In his answer, Schnabel did not deny that he had done the acts alleged, but defended on the ground that he had received the Schafers' permission to build the road across their property. 6

United States Fire argues that it had no duty to defend, primarily because there was no coverage or potential coverage under the policy in question, since the damage to Schafers' property fell within one of the policy's stated exclusions. The portion of the policy upon which United States Fire relies provides:

This insurance does not apply:

(1) to property damage to

(1) property owned or occupied by or rented to the insured, or

(2) property used by the insured, or

(3) property in the care, custody or control of the insured as to which the insured is for any purpose exercising physical control . . ..

United States Fire reasons that these exclusions control for Schnabel must have had physical control or use of the Schafers' property in order to have entered upon it and converted the raw materials. In this regard, United States Fire points to the fact that since Schnabel admitted in his answer to the Schafers' complaint that he had entered upon the Schafers' property, and thus even under Schnabel's version of the facts the above-quoted exclusion precludes coverage, consequently it had no duty to defend.

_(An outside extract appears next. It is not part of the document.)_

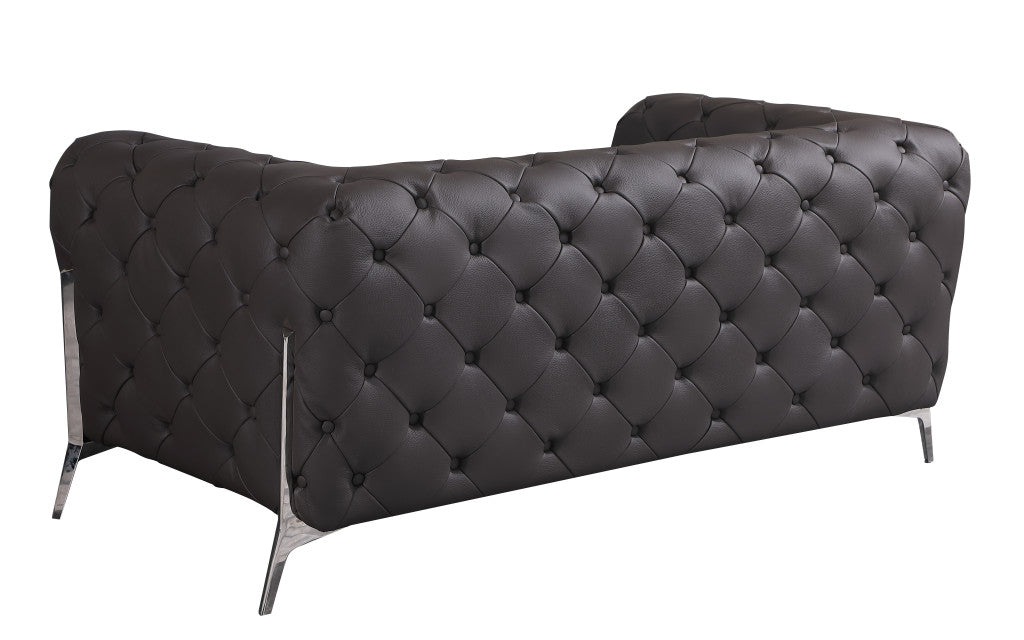 69" Black Tufted Italian Leather and Chrome Love Seat By Homeroots | Loveseats | Modishstore - 8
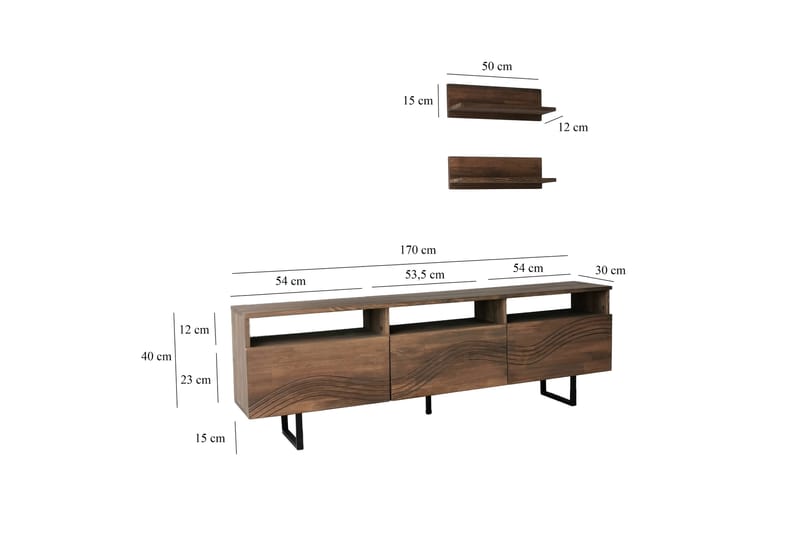 OBURUS Tv-möbelset 50x15 cm Brun - Möbler - Vardagsrum - Tv-möbler & mediamöbler - Tv-möbelset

We do not agree that this exclusion applies in consideration of the circumstances surrounding the trespass as set forth by Schnabel in his answer to the Schafers' complaint. 7 This care, custody and control exclusion is a standard one in liability policies and has been the subject of a good deal of litigation. 8 Many courts have found that care, custody and control exclusions are ambiguous and must be construed against the insurance company. 9 In deciding whether the exclusion applies to particular facts, some courts have focused on the language of the exclusion. 10 Others have looked to the apparent reasons why insurance companies adopted this particular exclusionary language in their liability policies to determine whether, in light of those reasons, the policy was intended to exclude coverage in the circumstances of the particular case. 11

Where real property is involved, the care, custody and control exclusion is particularly ambiguous because it does not make clear whether the word 'property' refers only to the portion of the property damaged or to the property as a whole. 12 While Schnabel may have had control over or used the portion of the Schafers' property that he actually entered upon, he did not use or exercise control over all of the Schafers' real property. Thus, if we construe 'property' in favor of the insured, 13 we should construe the term to mean the entire tract that Schafers owned. Under this construction, the exclusion does not apply because Schnabel did not use or exercise care, custody or control over the 'property' damaged. 14

Nor do we believe the reasons advanced for the care, custody and control exclusion have any application to the facts of the case at bar. One commentator has suggested that the exclusion has been placed in liability policies

to avoid what is called in the insurance business 'adverse selection of risks'. Keeping in mind that the standard policies are printed to apply very generally to all activities of our civilized life, one person buys insurance having in mind the possibility of certain losses common to his business or other activities; another insured has in mind entirely different hazards against which he is certain that he needs the coverage. Since insurance premiums are based on the 'experience' for each coverage, it is not reasonable that policyholder A should have to pay a rate based on the exposures more common to policyholder B and vice versa. Most of the property damage exclusions can be eliminated by an endorsement forming a part of the policy for which an additional premium is charged; in this way the losses are distributed among those who incur them.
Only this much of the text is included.